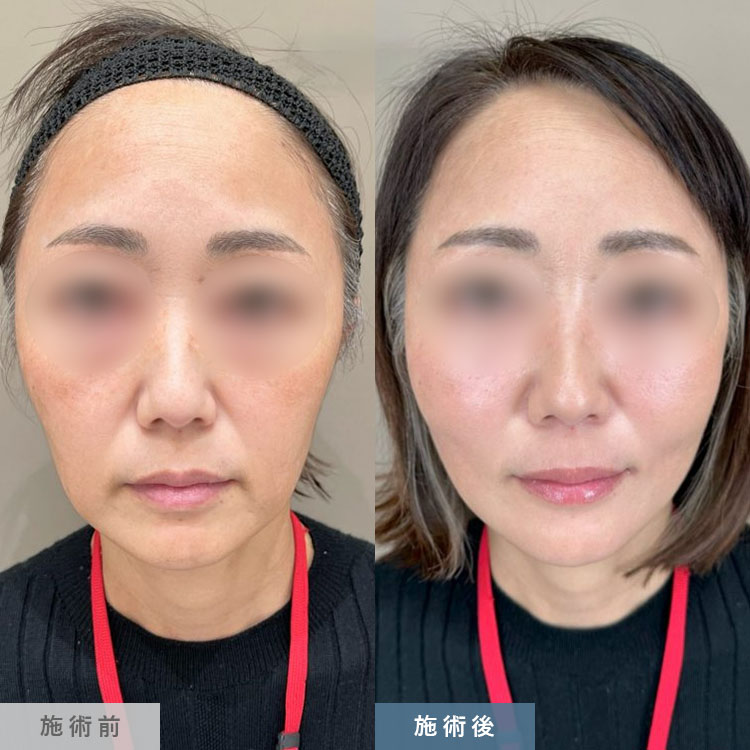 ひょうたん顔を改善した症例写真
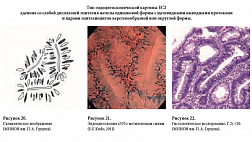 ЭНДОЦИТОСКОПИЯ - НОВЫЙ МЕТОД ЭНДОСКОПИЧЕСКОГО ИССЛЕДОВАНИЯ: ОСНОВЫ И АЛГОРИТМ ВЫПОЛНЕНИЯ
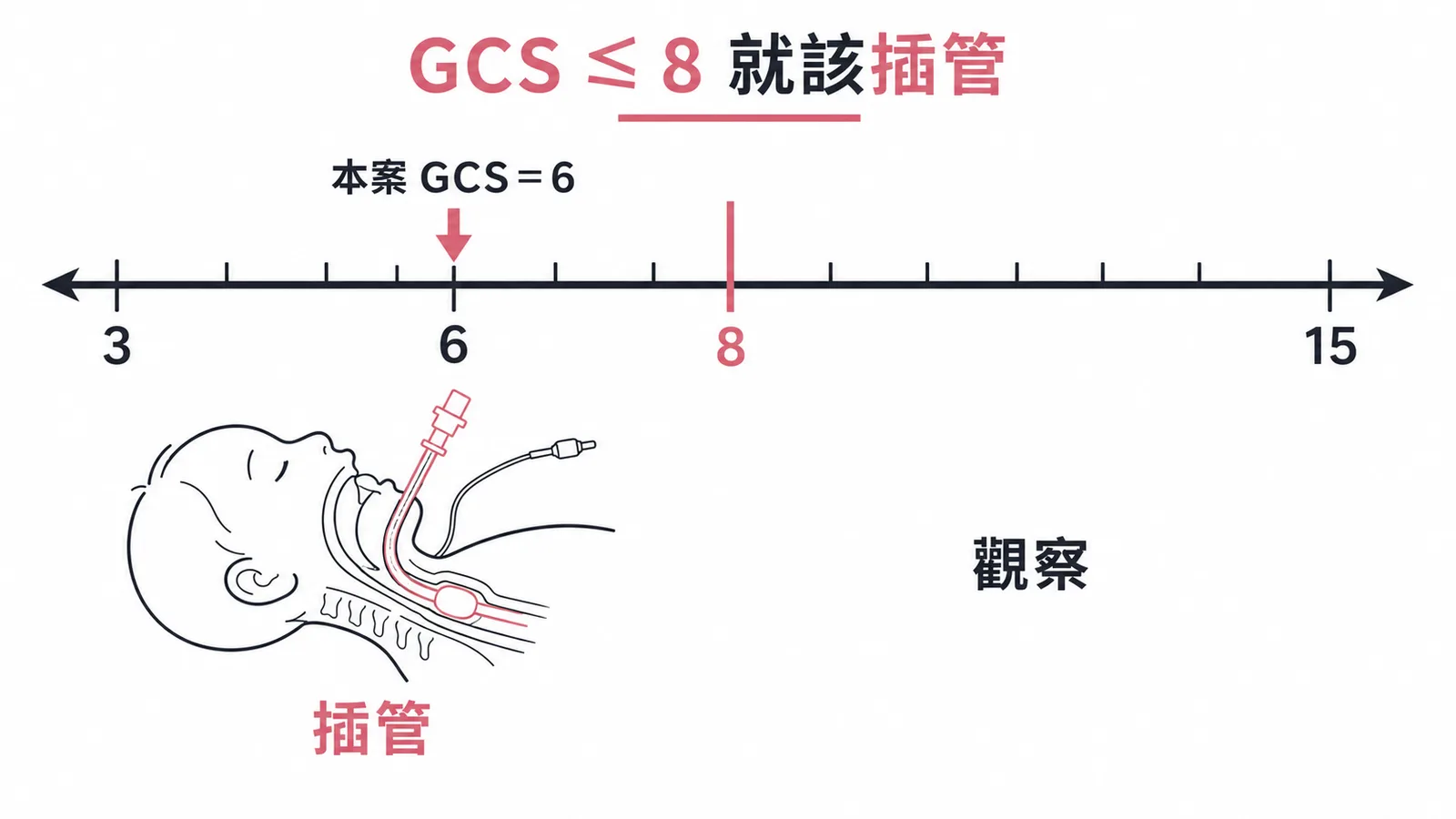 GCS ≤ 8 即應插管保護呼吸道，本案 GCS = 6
======
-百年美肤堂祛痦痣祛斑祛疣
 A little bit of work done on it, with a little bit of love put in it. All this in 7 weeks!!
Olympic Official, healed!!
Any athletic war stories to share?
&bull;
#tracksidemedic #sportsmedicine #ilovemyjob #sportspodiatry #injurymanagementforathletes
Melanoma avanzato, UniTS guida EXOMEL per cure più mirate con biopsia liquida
======
§ **Exercise instructions**:
Going down the listing above, begin printing at the line with "#tracksidemedic #sportsmedicine #ilovemyjob" and finish with the line with "Melanoma avanzato, UniTS", exactly as they appear.

§ **Reply**:
#tracksidemedic #sportsmedicine #ilovemyjob #sportspodiatry #injurymanagementforathletes
Melanoma avanzato, UniTS guida EXOMEL per cure più mirate con biopsia liquida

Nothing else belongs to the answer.